In the 1980s, Bernard L. Madoff Investment Securities occupied three floors of a midtown Manhattan high-rise. There, with his brother and later two sons, he ran a legitimate business as middlemen between the buyers and sellers of stock.

Madoff raised his profile by using the expertise to help launch Nasdaq, the first electronic stock exchange, and became so respected that he advised the Securities and Exchange Commission on the system. But what the agency never found out was that behind the scenes, in a separate office kept under lock and key, Madoff was secretly spinning a web of phantom wealth by using cash from new investors to pay returns to old ones.

Authorities say that over the years, at least $13 billion was invested with Madoff. An old IBM computer cranked out monthly statements showing steady double-digit returns, even during market downturns. As of late 2008, the statements claimed investor accounts totaled $65 billion.

The ugly truth: No securities were ever bought or sold. Madoff's chief financial officer, Frank DiPascali, said in a guilty plea in 2009 that the statements detailing trades were "all fake."

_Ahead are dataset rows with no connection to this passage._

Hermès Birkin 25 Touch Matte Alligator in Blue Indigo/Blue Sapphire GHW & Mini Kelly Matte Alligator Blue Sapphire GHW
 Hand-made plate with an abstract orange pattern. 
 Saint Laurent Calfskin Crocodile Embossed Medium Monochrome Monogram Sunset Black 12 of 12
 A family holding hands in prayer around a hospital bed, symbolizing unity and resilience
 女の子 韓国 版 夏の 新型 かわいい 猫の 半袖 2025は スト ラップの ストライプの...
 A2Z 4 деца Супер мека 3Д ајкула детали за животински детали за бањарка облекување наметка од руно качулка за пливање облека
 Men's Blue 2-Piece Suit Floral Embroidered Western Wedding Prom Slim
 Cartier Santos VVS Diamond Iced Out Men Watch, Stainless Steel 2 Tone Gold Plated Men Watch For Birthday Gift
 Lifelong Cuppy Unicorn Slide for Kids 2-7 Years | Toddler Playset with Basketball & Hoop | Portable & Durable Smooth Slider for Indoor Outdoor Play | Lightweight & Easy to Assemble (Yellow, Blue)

His clients, many Jews like Madoff and Jewish charities, said they didn't know. Among them was Nobel Peace Prize winner and Holocaust survivor Elie Wiesel, who recalled meeting Madoff years earlier at a dinner where they talked about history, education and Jewish philosophy — not money.

Madoff "made a very good impression," Wiesel said during a 2009 panel discussion on the scandal. Wiesel admitted that he bought into "a myth that he created around him that everything was so special, so unique, that it had to be secret."